● **What you are asked to do**:
Copy the records below exactly, starting at the line that contains "this 414×555 image." and ending at the line that contains "this 1200×800 image."; leave out any pictures.

(Text-to-region grounding data)
________________________________________

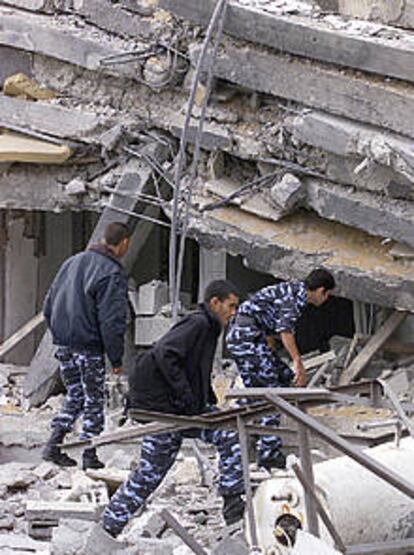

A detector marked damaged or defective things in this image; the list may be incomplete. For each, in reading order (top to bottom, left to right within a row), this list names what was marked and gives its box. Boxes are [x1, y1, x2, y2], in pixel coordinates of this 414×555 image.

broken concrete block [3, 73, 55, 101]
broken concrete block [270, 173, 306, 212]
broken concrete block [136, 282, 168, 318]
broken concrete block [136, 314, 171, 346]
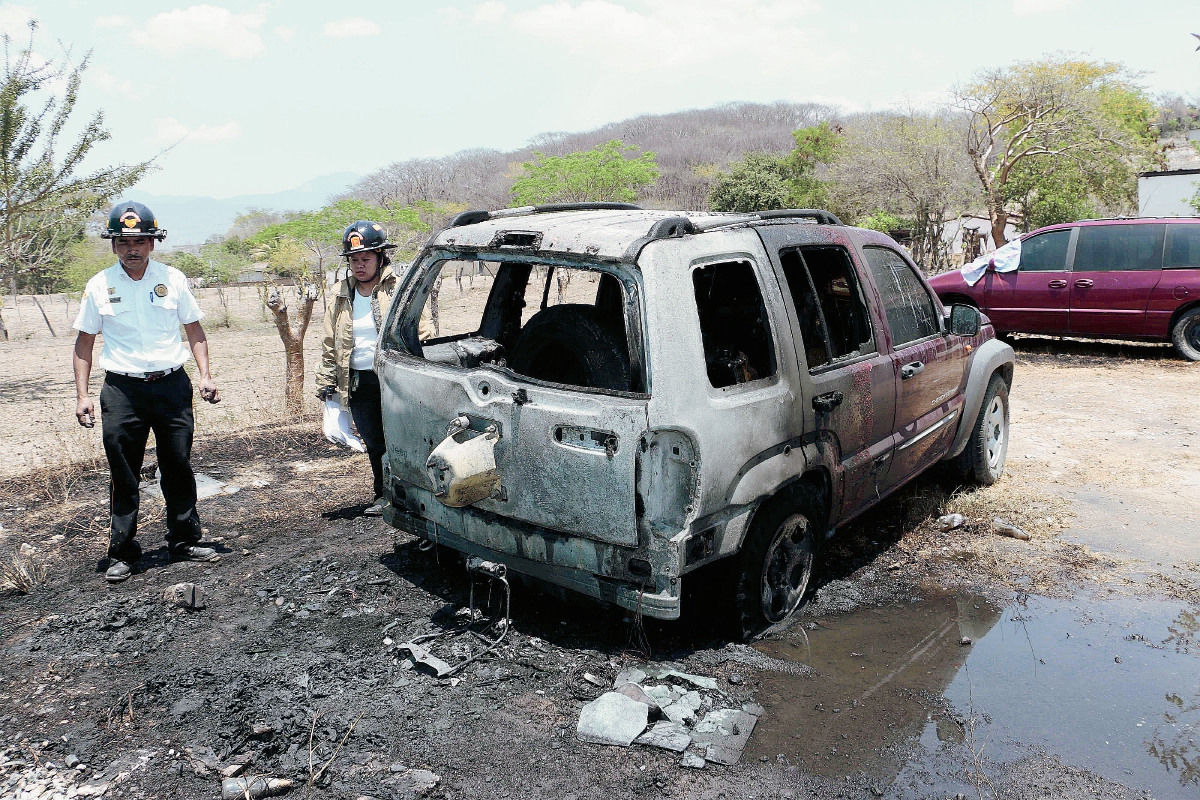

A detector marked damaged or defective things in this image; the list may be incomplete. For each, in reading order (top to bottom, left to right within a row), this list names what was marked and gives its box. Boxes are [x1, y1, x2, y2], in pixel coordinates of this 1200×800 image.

________________________________________

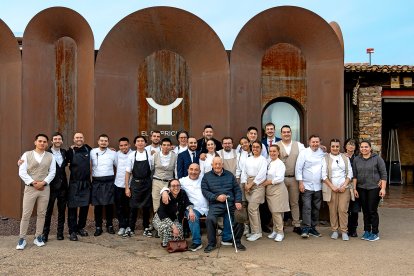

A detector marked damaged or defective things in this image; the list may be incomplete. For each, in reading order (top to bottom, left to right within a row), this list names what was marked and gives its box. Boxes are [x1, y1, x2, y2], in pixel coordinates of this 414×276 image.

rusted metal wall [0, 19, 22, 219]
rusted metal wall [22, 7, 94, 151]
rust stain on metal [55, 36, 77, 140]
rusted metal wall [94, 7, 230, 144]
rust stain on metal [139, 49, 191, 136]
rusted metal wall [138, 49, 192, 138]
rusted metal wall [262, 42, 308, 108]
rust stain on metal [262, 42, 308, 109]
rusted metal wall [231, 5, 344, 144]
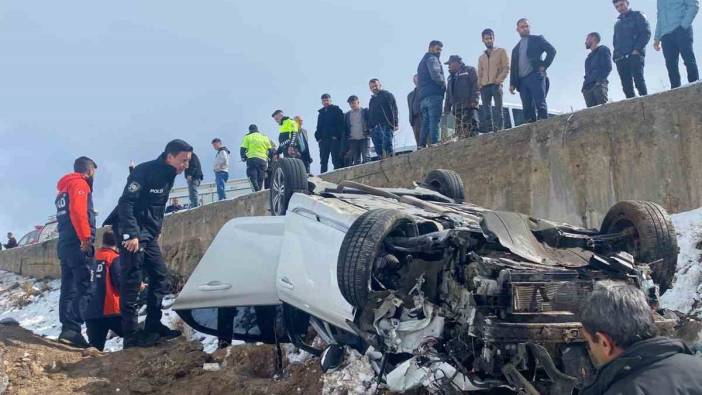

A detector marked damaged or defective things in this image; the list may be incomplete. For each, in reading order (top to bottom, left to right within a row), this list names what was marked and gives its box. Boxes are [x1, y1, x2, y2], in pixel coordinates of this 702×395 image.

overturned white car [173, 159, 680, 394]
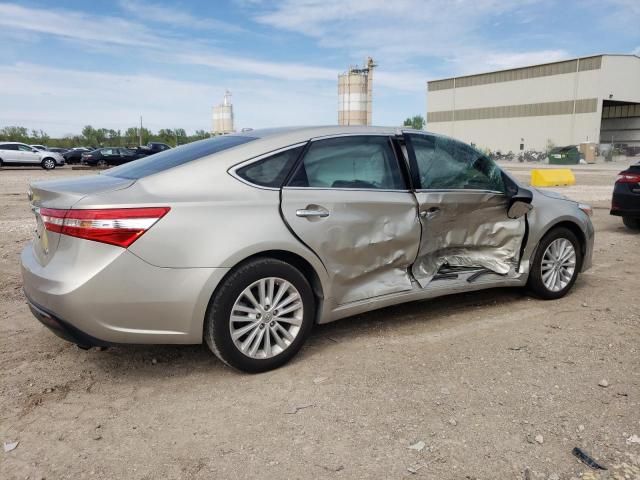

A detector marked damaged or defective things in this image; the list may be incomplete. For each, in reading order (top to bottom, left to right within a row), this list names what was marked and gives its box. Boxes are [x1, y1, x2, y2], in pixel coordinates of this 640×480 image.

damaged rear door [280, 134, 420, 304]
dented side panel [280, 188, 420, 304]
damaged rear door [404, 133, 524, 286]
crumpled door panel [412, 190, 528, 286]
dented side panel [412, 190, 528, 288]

________________________________________

● **Solved problem**:
A detector marked damaged or defective things in this image; the list may be incomplete. For each, in reading order (top to bottom, left to right within a row), this list names what was marked and gives its box. Boxes are [x1, y1, x2, y2], in pixel coordinates of this 414×555 image.

broken concrete block [3, 73, 55, 101]
broken concrete block [270, 173, 306, 212]
broken concrete block [136, 282, 168, 318]
broken concrete block [136, 314, 171, 346]

A detector marked damaged or defective things in this image; the list may be incomplete. For each, in reading order (top to bottom, left to right within a row), this list names what was marked and gives its box. Boxes are [x1, y1, x2, y2], in pixel coordinates of this 1200×800 image.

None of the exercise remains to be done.